先生が帰った後、祖母はゆっくりとぼくを諭した。
 「おかあちゃん、入院しはることになったさかい、ガマンせなあかんことがあるかもしれんけど、がんばってや」
 なにか心にズシンときた。

 祖母は器用に片手で大きな重箱を抱えながら、ぼくを乗せた乳母車を押していた。
 坂道には、紫色の木蓮が空に向かって花をひろげていた。
 初めての面会は、庭を挟んでの窓越しだった。目が合うと、大声で泣きじゃくった。窓辺に寄りかかった母も泣いていた。
 あまり泣きじゃくったので、最初で最後の面会になってしまった。
「ガマンせなあかんことがあるかもしれんけど、がんばってや」
帰り道、祖母の言葉の意味がはっきりと理解できた。
 母は結核だったと、十歳を過ぎたころに祖母は教えてくれた。
主治医は手遅れだと伝えたらしい。病院の食事は無視をして、好きなものを食べさせてあげてほしいと。
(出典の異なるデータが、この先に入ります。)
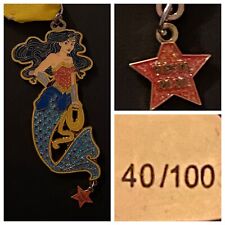 WONDER WOMAN MERMAID FIESTA MEDAL  -HTF 5.5” Limited To 100-IMMEDIATE SHIPPING❤️ picture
 それから、入院中の母には会えなかったけれど、祖母が腕を振るった手料理をおすそ分けしてもらうときがあった。なかでも、甘鯛のお吸い物の味は忘れられない。

木蓮の季節になると、心になにかがいっぱい詰まった感触と、どこまでも空っぽな感触が背中合わせに同居する。
 きっと、あの午後がぼくの内面を形づくる分岐点になったのではないだろうか。